N. Korea, US to resume talks after latest missile test

October 5, 2019

Officials from North Korea and the US were set to resume nuclear talks in Sweden after months of deadlock and Pyongyang's defiant test of a sea-launched ballistic missile this week.

https://p.dw.com/p/3Qlke
North Korean nuclear envoy Kim Myong Gil C arrives in Sweden
Image: Imago Images/Kyodo News

US and North Korean diplomats were set to resume working-level nuclear talks in Stockholm on Saturday after months of uncertainty over the fate of the negotiations.   

North Korea's Kim Myong Gil and Stephen Biegun, the special envoy of US President Donald Trump, are part of the teams holding the talks at an island off the Swedish capital. The first cars with tinted windows started arriving just after 9.00 a.m. (0700 UTC).

Read more: What does North Korea want to achieve with missile tests?

Kim Myong Gil said he was "optimistic" about the talks, speaking in Beijing on his way to Stockholm.

The talks will be the first significant dialogue between the US and North Korea since the February summit in Hanoi between President Donald Trump and North Korean leader Kim Jong Un. Trump then walked away from Kim's offer to close a nuclear site if the US lifted sanctions.

Washington has since been awaiting a resumption of the dialogue.

The first cars with tinted windows started arriving just after 9:00 am (0700 UTC)
The first cars with tinted windows arrived early on Saturday morningImage: AFP/J. Nackstrand

More leverage for North Korea

The talks come after North Korea recently announced the test of a "new type" of submarine-launched ballistic missile (SLBM).

North Korea frequently couples diplomatic overtures with military moves as a way of maintaining pressure on negotiating partners, analysts say, and many believe this weapons system gives it added leverage.

According to analysts at 38 North, a North Korea think tank in Washington, the Pukguksong-3 missile flew 950 kilometers (590 miles) in the air and landed around 450 kilometers from its launch site.
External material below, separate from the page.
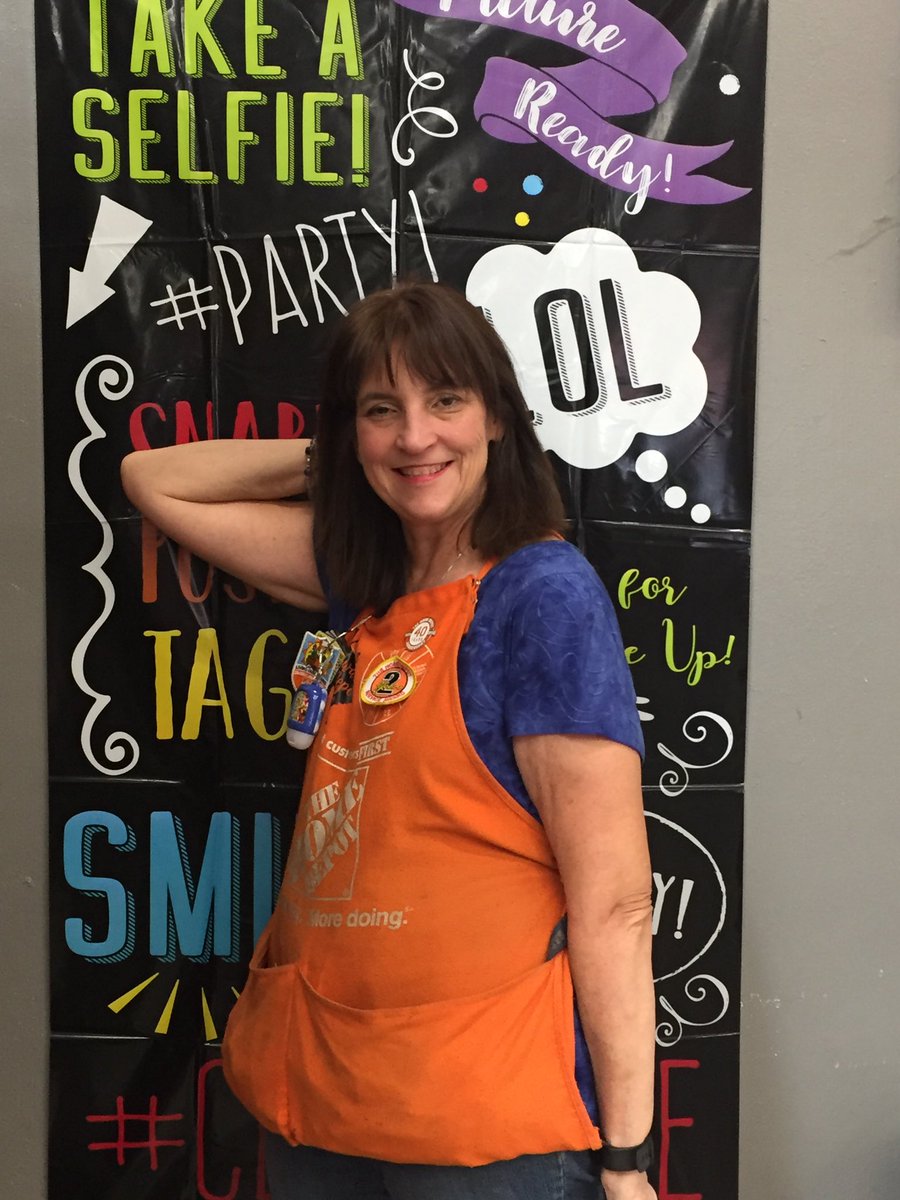 Celebrating CAM 2019 #selfieday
Analysts said if the missile had been launched on a normal trajectory, it would have been capable of covering nearly 2,000 kilometers, making it the longest-range solid-fuel missile North Korea has ever tested.     
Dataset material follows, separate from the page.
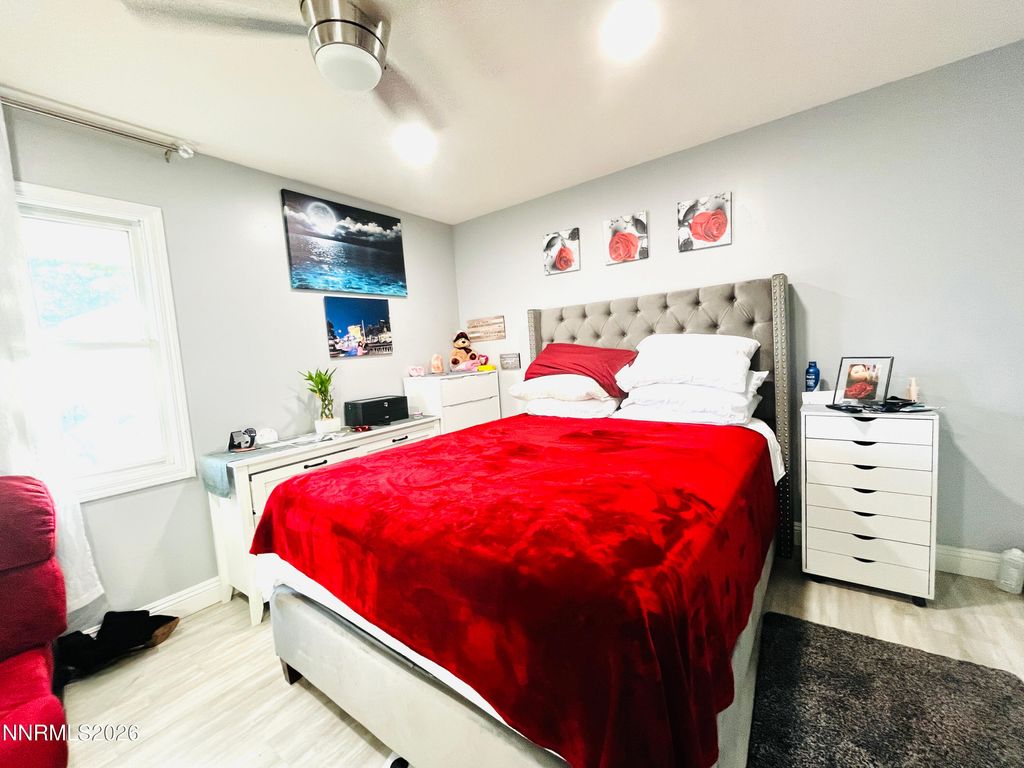 Image 6 of property listing at 1000 Keystone Avenue, Reno, NV 89503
The Pentagon said the missile seems to have been launched from a "sea-based platform" and not a submarine.

'Tremendous progress?'

Although missiles launched from North Korea's sea-based platforms would be harder to detect, and would extend the range of Pyongyang's threat, experts say it will be years before these types of weapons are developed to the point of strategic deployment. 
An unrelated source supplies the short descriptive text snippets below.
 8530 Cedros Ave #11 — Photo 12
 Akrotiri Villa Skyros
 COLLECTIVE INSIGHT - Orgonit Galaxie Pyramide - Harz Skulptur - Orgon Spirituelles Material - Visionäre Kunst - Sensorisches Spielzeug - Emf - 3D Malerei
Despite international condemnation of North Korea's repeated weapons tests, Trump has so far refrained from criticizing Pyongyang, while insisting his personal ties with the North's leader remain good.

The US president, who has invested a lot of political capital in getting denuclearization negotiations back on track, has spoken about "tremendous progress" with the Kim regime.

The United Nations Security Council, meanwhile, is expected to hold closed-door talks early next week on the latest test, diplomats said. The talks were requested by Britain, France and Germany, as the European powers push for the world body to keep up pressure on Pyongyang which is under heavy US and UN sanctions over its weapons program.

North Korea is banned from ballistic missile launches by Security Council resolutions.